The Los Angeles Dodgers and Toronto Blue Jays will vie for the ultimate prize beginning Friday, and given history, it shouldn’t be a surprise that these two teams are the ones in the Fall Classic.
No one is surprised the big, bad Dodgers are there as they seek to “ruin baseball,” as manager Dave Roberts quipped during the club’s celebration last week. The Blue Jays’ resurgent season might not have been a popular pick in March and their last World Series appearance was in 1993, but recent history shows that they had an upper hand in the factor that’s heavily correlated with winning championships: spending.
The Dodgers entered the season ranked second in MLB with a whopping $321 million payroll. The Blue Jays were fifth at $239 million. With a potential lockout looming in 2027 as owners push for a salary cap, those numbers might look to some as an example of how baseball needs change to benefit small-market teams. To others, it’s the reality of every other free-market enterprise: The ones who spend the most usually win.
That’s how it’s been for more than three decades in MLB. The owners who care the most are the ones whose teams normally hoist trophies.
Of course, spending does not guarantee success. The New York Mets spent $323 million on their team that collapsed in the second half to miss the playoffs. The New York Yankees and Philadelphia Phillies both spent more than $280 million and didn’t make it to their respective leagues’ championship series. The Orioles added $70 million to their payroll in David Rubenstein’s first offseason as owner for the largest percent increase in MLB, only to see most of that spending go to waste in a disappointing 75-87 season.
Not spending, however, does essentially mean that winning a championship is out of reach. Over the past three decades, no team has won a World Series after opening the season bottom five in payroll, where the Orioles have spent most of the Mike Elias era before 2025. Only three of the past 31 champions have done so while ranking outside the top half in spending.
Where does that leave the Orioles as they enter one of the most important offseasons in franchise history?

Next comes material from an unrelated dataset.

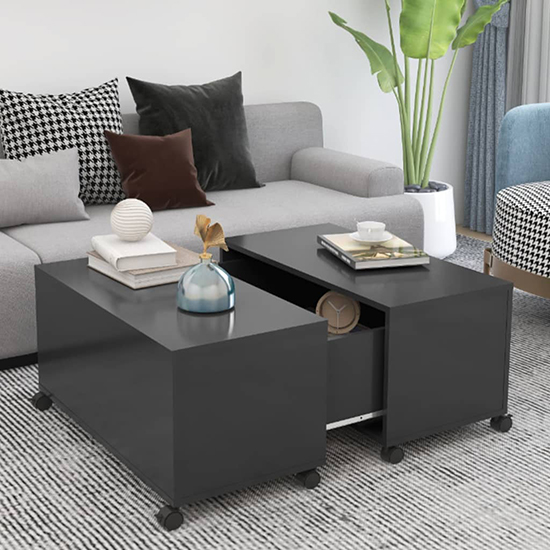 Read more about Katashi wooden coffee table with castors in grey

It’s not realistic for the Orioles to run $250 million payrolls, though Rubenstein, who Forbes says is worth $4.4 billion, could certainly afford it. But maintaining and augmenting the payroll that was established in 2025 will be imperative to the Orioles’ chances of winning a championship in the future. That goal might seem out of reach, but the Blue Jays at this time last year were in a similar position as the Orioles are in right now.
The opportunity is there for Elias and Rubenstein to markedly improve a roster that didn’t live up to expectations in 2025. The Orioles ranked 15th in payroll last season at a healthy $162 million — narrowly the largest in franchise history — but about half of that is coming off the books this offseason. According to MLB Spreadsheets, the Orioles’ current projected 2026 payroll (not including free agents they’ll sign this offseason) is 25th in MLB at $86 million. That means there is ample opportunity for Elias to add several marquee players this winter through free agency or trades and keep payroll in line with what it was in 2025 — or even go beyond it.
“I’ll say what I’ve been saying very consistently: I’m extremely impressed with this ownership group, the people that are in it, the way that it’s set up, the wherewithal financially but also business acumen that they have,” Elias said at his end-of-season news conference. “And I’ve been a part of a lot of good ones — St. Louis, Houston — [and] I’ve seen a lot of high-performing, well-regarded ownership groups, and this group has a chance to be very elite and impactful for Baltimore. So I’m excited about it. It’s a plus, and they’re going to make available everything that we need to responsibly invest in the team and the baseball operation and the stadium and the facilities.
“You don’t want to be wasteful, and you don’t do it for its own sake. But these guys are a huge positive for us, and I’m very blessed to have that behind me.”